Given the entries that follow, write out exactly the lines starting at the one containing "The Devils Devil's Got It (CD) Album" and ending at the one containing "Protezione motore PARACILINDRI", both ends included, and only those.

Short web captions
——
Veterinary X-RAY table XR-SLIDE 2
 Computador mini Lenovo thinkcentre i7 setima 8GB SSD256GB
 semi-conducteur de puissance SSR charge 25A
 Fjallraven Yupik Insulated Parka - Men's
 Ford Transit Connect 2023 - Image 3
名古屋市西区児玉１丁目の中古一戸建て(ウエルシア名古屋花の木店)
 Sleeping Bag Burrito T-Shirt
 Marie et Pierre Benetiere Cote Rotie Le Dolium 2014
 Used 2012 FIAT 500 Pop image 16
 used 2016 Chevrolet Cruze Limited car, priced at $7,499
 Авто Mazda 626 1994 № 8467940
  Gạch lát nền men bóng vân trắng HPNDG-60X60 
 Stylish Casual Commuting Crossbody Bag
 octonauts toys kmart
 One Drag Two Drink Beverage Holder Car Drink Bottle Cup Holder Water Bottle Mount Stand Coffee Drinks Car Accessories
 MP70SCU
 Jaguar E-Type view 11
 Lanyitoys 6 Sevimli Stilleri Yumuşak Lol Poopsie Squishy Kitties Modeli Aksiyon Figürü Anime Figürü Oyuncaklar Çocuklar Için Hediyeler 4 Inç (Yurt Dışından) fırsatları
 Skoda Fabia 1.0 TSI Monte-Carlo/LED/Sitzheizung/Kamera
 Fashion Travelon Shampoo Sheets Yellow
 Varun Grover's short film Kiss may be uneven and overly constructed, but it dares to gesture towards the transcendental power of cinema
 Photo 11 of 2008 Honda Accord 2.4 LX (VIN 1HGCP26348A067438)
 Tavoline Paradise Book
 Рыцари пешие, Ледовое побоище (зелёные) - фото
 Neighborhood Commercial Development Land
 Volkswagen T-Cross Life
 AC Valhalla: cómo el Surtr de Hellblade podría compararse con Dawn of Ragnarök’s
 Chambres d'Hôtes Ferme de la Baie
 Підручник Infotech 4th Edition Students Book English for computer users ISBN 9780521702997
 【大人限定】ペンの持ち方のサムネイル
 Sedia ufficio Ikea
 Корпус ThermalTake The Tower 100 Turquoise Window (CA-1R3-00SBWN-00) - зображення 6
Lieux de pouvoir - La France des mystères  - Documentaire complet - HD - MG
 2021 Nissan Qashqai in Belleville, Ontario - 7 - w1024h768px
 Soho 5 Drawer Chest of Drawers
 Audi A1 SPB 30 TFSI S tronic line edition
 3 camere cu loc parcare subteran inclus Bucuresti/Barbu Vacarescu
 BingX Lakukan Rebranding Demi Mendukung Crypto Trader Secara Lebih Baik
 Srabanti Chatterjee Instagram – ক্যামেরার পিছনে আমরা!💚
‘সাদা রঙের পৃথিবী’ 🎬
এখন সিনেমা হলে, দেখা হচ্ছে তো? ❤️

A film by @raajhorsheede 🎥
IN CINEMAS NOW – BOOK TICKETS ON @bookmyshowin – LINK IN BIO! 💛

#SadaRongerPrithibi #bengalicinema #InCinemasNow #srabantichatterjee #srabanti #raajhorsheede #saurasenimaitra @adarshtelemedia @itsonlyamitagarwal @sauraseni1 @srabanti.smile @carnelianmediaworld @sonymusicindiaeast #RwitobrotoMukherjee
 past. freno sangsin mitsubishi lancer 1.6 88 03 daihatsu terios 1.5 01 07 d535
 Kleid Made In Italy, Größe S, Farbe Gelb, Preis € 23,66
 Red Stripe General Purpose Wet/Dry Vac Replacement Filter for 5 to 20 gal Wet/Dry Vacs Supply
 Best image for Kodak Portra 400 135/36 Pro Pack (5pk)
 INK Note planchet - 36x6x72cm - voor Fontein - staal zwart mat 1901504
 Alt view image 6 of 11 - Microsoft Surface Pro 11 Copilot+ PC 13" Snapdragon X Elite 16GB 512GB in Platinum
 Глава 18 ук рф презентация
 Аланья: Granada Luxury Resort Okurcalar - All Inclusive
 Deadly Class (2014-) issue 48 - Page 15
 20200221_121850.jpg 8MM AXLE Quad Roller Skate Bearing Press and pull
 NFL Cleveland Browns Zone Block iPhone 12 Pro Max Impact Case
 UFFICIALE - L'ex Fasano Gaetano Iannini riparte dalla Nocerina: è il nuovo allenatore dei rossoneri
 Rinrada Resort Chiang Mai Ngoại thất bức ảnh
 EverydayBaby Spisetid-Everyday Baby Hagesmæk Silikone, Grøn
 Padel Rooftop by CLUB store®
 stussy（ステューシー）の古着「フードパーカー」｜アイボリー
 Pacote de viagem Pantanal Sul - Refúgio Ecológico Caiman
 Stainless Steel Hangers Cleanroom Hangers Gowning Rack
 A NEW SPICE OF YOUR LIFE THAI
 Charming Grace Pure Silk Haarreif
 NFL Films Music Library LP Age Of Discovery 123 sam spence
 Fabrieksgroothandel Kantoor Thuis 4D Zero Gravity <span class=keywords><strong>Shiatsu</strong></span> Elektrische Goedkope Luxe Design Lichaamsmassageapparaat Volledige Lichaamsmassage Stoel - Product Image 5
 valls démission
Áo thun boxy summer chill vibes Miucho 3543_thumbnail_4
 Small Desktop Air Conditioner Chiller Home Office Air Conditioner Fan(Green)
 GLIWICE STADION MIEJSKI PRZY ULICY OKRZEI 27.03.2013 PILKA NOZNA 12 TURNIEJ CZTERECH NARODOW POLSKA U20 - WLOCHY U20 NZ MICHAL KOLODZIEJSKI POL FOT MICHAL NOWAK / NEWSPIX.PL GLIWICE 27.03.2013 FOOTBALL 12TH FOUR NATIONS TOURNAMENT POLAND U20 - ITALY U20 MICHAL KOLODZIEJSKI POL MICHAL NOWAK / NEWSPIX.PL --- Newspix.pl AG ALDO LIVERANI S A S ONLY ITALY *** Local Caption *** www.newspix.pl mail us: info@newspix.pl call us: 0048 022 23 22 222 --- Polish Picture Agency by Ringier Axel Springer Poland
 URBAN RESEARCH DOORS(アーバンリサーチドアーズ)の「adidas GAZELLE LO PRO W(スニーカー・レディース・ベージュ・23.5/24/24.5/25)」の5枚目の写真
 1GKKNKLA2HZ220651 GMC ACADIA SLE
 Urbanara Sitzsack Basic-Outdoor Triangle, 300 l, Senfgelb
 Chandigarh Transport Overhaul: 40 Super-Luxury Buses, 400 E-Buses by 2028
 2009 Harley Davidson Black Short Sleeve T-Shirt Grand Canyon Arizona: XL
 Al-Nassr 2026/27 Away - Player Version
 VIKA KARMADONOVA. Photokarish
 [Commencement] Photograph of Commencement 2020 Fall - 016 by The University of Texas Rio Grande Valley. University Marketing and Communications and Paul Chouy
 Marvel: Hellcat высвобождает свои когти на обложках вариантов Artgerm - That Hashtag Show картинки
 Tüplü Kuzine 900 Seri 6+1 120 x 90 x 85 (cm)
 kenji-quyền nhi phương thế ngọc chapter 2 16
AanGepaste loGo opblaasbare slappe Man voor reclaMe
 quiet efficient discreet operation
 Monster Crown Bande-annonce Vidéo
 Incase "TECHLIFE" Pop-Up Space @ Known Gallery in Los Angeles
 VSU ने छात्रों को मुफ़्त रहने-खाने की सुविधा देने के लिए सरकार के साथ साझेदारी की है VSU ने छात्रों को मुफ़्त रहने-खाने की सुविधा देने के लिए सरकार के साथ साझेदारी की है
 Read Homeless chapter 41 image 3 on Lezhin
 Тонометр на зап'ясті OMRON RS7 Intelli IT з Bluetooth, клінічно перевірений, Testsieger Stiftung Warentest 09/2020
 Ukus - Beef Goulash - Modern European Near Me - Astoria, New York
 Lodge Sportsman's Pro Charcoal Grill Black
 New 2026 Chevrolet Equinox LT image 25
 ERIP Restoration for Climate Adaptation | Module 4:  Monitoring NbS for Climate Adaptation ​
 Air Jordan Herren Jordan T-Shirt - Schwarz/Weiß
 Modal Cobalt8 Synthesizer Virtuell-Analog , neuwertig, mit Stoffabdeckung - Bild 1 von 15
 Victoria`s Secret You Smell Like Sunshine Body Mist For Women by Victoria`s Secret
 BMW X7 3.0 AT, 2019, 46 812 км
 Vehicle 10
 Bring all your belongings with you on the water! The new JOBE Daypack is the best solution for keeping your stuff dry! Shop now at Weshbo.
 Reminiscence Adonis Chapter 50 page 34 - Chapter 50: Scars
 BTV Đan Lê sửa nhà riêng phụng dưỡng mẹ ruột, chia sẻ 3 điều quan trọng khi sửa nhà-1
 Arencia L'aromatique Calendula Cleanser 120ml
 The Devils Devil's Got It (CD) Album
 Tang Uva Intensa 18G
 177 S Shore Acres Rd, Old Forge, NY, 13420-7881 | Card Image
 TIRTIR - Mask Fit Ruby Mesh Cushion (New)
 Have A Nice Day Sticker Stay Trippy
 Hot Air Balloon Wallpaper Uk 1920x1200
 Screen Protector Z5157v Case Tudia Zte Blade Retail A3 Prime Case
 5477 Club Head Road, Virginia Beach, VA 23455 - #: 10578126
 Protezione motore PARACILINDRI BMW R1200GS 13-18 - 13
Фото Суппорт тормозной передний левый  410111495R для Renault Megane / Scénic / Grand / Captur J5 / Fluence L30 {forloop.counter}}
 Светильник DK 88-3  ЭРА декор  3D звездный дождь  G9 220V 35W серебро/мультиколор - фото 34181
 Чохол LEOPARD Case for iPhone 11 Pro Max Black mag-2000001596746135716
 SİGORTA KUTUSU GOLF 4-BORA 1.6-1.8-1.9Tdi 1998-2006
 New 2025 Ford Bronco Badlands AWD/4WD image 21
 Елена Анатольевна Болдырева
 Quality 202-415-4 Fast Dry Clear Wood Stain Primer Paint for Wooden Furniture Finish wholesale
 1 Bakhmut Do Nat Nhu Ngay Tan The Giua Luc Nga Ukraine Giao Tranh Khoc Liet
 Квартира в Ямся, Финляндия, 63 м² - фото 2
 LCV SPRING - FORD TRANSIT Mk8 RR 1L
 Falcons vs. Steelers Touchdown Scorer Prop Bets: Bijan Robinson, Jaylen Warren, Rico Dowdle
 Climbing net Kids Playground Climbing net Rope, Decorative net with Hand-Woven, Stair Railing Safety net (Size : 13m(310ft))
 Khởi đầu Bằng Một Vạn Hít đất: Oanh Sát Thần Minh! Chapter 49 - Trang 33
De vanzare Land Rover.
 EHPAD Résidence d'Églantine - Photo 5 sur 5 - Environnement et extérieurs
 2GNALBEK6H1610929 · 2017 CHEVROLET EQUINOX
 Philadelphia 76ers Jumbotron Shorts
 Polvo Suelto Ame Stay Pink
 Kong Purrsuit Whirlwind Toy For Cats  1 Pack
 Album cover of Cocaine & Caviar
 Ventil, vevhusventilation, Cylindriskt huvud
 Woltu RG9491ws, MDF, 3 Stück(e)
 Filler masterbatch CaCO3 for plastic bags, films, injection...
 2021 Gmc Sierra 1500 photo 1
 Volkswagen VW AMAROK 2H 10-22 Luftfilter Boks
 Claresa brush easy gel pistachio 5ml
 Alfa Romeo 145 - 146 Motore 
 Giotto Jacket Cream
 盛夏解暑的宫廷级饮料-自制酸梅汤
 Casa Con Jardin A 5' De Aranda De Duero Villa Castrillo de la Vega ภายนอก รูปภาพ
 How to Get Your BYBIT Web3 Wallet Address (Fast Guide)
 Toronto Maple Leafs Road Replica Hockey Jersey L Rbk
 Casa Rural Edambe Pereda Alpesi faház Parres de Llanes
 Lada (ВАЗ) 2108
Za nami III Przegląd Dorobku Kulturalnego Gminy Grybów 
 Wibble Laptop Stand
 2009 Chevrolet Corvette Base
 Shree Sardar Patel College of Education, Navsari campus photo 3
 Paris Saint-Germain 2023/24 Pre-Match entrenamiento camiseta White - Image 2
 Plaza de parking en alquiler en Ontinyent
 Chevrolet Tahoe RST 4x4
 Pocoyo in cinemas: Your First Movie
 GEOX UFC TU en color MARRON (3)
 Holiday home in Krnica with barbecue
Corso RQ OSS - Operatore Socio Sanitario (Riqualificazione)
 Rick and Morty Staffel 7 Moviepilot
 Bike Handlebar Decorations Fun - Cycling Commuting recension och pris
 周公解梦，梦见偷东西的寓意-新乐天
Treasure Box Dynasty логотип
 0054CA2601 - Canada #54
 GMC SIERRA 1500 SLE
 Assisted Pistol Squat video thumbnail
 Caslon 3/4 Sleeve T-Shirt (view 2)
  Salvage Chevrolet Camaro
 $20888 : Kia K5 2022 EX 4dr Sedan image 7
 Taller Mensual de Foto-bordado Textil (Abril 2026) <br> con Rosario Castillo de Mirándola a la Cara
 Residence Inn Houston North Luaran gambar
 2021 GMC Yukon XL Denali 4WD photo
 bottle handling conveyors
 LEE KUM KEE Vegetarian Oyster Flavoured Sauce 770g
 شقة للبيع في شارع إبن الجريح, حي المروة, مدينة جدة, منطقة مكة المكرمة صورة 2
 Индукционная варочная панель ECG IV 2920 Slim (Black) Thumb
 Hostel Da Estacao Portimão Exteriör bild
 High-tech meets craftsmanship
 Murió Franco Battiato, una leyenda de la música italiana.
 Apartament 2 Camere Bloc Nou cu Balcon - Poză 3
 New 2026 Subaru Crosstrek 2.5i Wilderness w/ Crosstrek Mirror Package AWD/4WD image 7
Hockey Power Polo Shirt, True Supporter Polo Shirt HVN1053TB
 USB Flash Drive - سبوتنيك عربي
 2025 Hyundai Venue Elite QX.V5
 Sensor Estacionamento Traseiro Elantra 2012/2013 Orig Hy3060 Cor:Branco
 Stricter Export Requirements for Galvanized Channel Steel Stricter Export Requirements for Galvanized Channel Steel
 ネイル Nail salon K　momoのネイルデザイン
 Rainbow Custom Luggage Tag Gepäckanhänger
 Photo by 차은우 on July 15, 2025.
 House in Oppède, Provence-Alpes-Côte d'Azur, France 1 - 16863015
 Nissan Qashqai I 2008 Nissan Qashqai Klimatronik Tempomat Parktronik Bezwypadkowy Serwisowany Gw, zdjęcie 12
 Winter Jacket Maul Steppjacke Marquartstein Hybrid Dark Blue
——
[Response to this task]
 The Devils Devil's Got It (CD) Album
 Tang Uva Intensa 18G
 177 S Shore Acres Rd, Old Forge, NY, 13420-7881 | Card Image
 TIRTIR - Mask Fit Ruby Mesh Cushion (New)
 Have A Nice Day Sticker Stay Trippy
 Hot Air Balloon Wallpaper Uk 1920x1200
 Screen Protector Z5157v Case Tudia Zte Blade Retail A3 Prime Case
 5477 Club Head Road, Virginia Beach, VA 23455 - #: 10578126
 Protezione motore PARACILINDRI BMW R1200GS 13-18 - 13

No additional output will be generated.